A ver si de esta lo aprendemos para siempre. Enviar un sobre con balas es un acto absolutamente intolerable. Exactamente igual que pintar en las paredes dianas con nombres. O que arengar desde las redes a la borregada contra los enemigos de este o aquel pueblo. Minimizar, justificar o poner en duda la veracidad de tales hechos es situarse entre los antidemócratas sin remisión. O, directamente, entre los fascistas, que como tengo dicho aquí mil veces, con harta frecuencia se presentan como antifascistas.

Vaya descojono, por cierto, que los ultramontanos diestros puestos entre la espada y la pared salgan con el viejo comodín: condenamos todas las violencias. Si no fuera por la descomunal tragedia que hay de fondo, resultaría cómico el parecido más que razonable entre los extremos que no es que se toquen. Se besan con lengua hasta la campanilla porque son, tachán, tachán, el mismo guano con distinto disfraz. Quedan solo un escalón por debajo los tontos del haba —da igual con tres seguidores en Twitter que con diez millones— que sueltan soplapolleces de aluvión sobre la equidistancia. Muy poco se dan cuenta de que sus infantiles tiroliros demagógicos son la proteína que engorda día a día a los abascálidos. Por lo demás, ojalá fuera la dignidad y no el cálculo electoral lo que impulsara las denuncias.

Difícil de entender

El único condenado por la muerte de Iñigo Cabacas no irá a la cárcel. Como ya sabrán, y seguro que les ha sorprendido tanto como a mi, la Audiencia de Bizkaia ha suspendido su pena en atención a dos circunstancias, una jurídica y otra personal. La primera es que fue condenado por un homicidio imprudente, por omisión y no doloso. Dicen los autores de la decisión que eso relativiza la intensidad del comportamiento criminal de cara a una hipotética reincidencia. En cuanto a lo personal, se indica que su estancia en prisión sería especialmente gravosa debido al reciente fallecimiento de su esposa y a que tiene un hijo. Como profano, desconozco si es habitual que se actúe con la misma comprensión con otros condenados. Estaría por jurar que no. Hay algunos casos que parecen indicar justamente lo contrario.
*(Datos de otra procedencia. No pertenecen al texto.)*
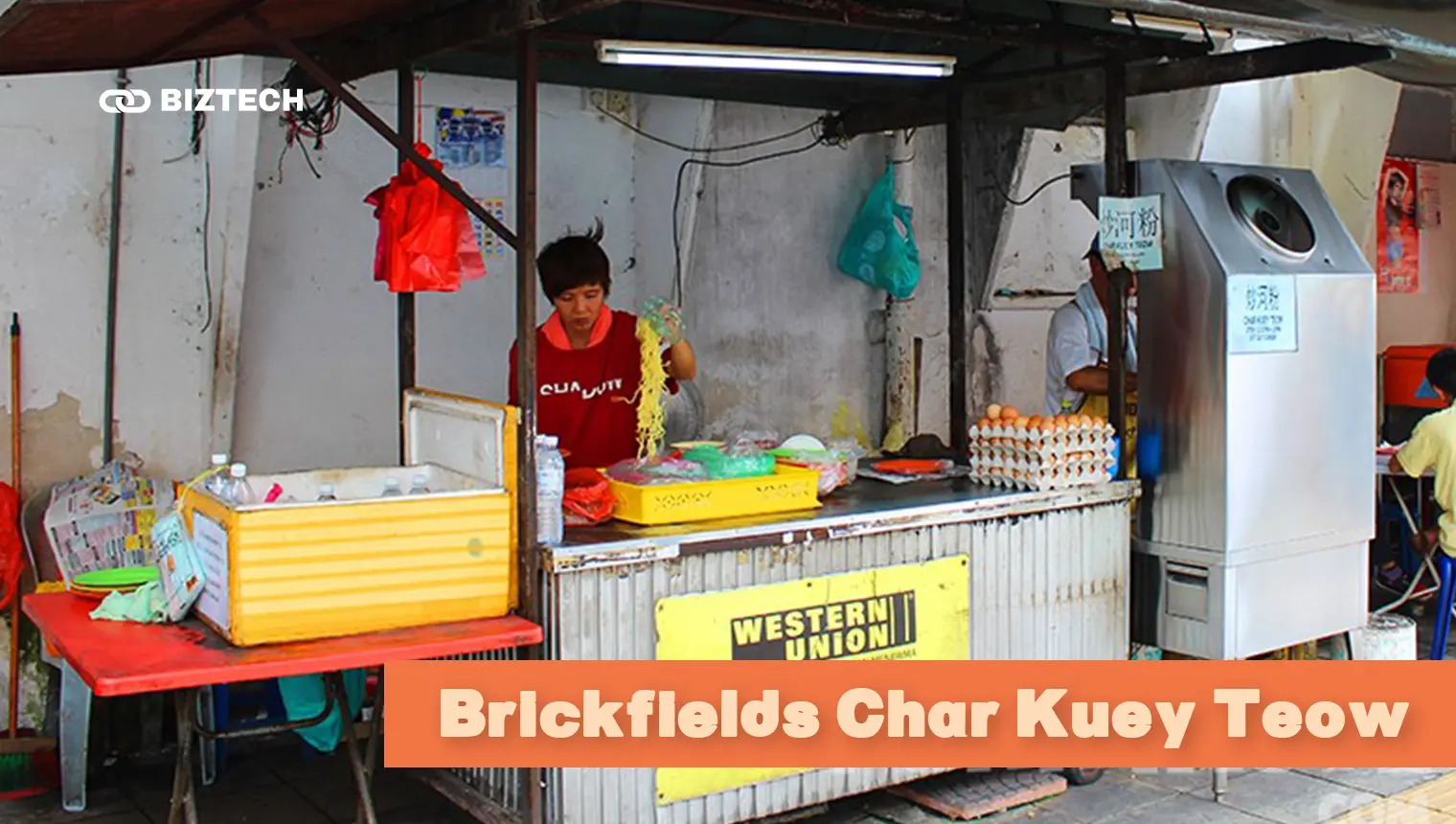 Brickfields Char Kuey Teow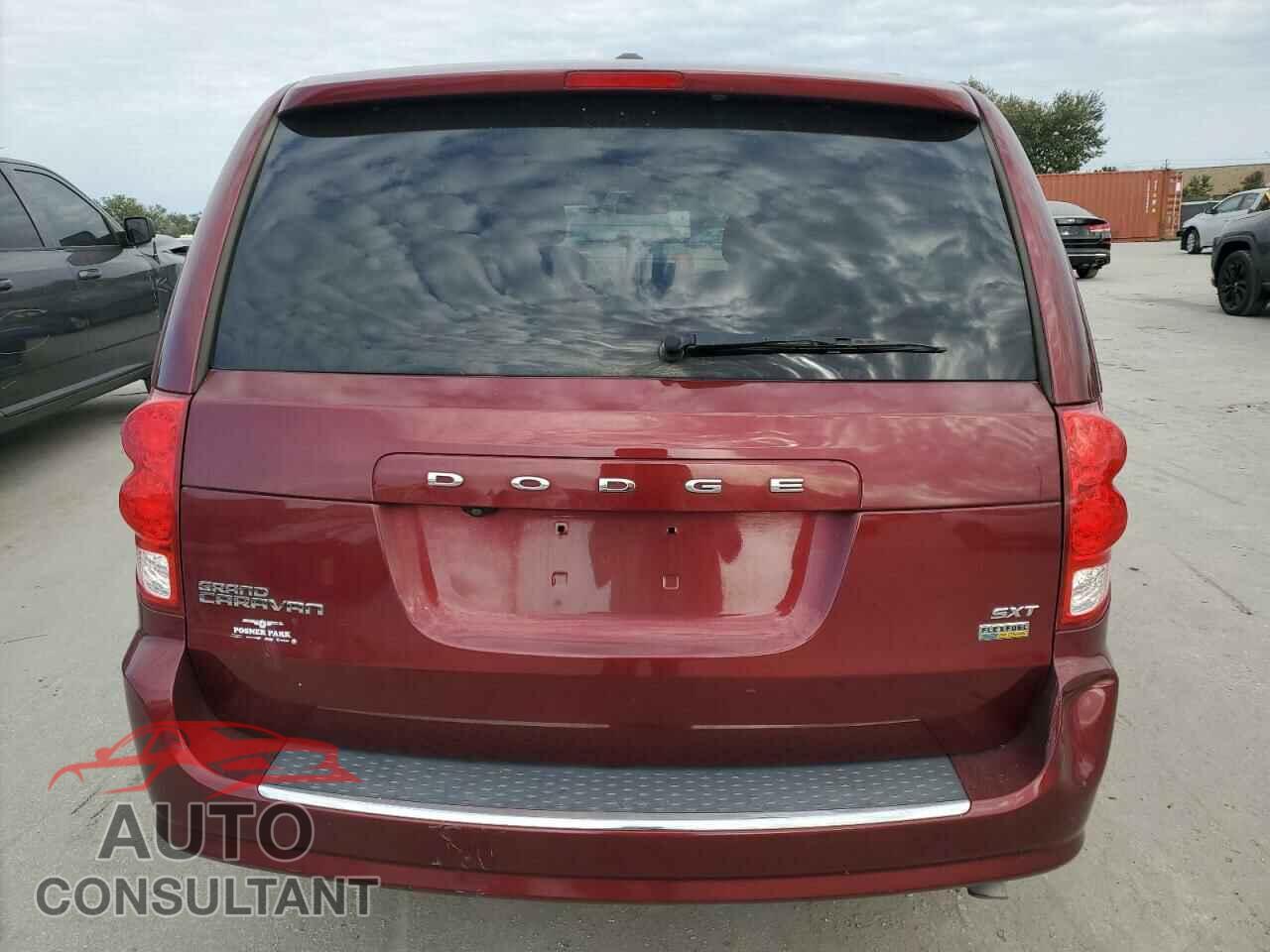 DODGE CARAVAN 2019 - 2C4RDGCG5KR608165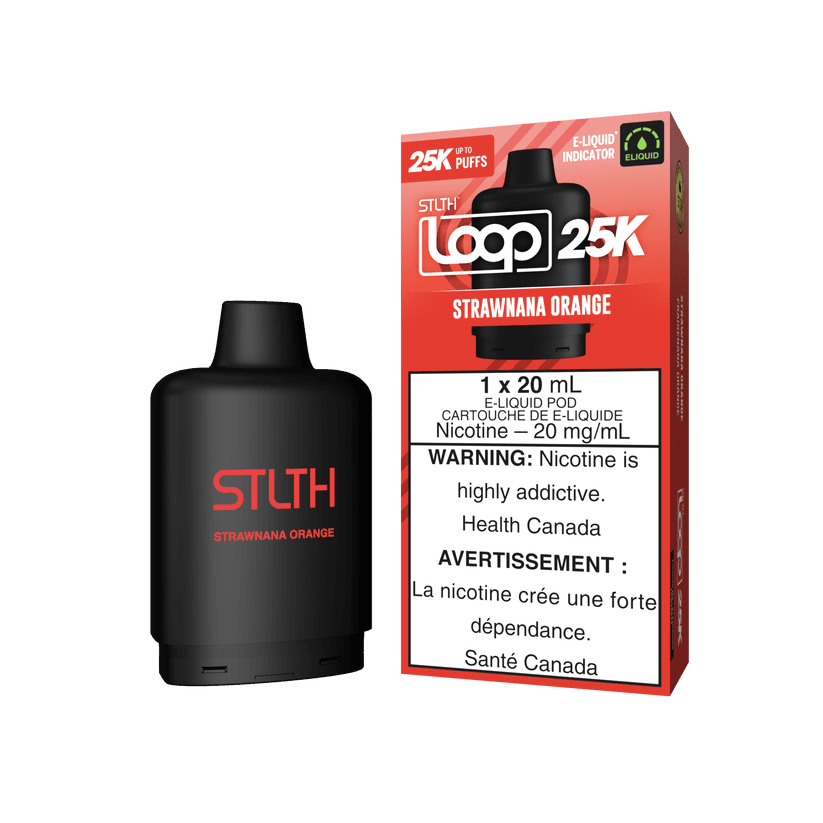 STLTH LOOP 25K Strawnana Orange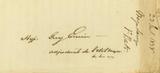 Document (Lettre de F. Ant. Larocque à Hyp. Guy)
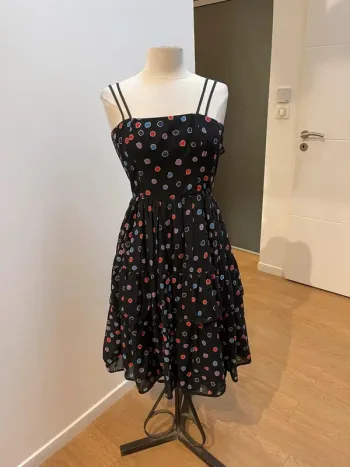 Superbe Robe vintage 🌸 Jacqueline Lechat Cannes 34 36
No entraré en si el agente debería pasar en una celda el tiempo que estipula la condena de la propia Audiencia de Bizkaia refrendada por el Supremo. Pero sí trato de buscar un porqué a una resolución que refuerza la idea de la impunidad que ha rodeado todo el proceso. Mi opinión absolutamente personal e intransferible es que tanto el fiscal como sus señorías han podido pensar, junto a otras personas entre las que me encuentro, que el ertzaina acabó cargando con un mochuelo que no era solamente suyo.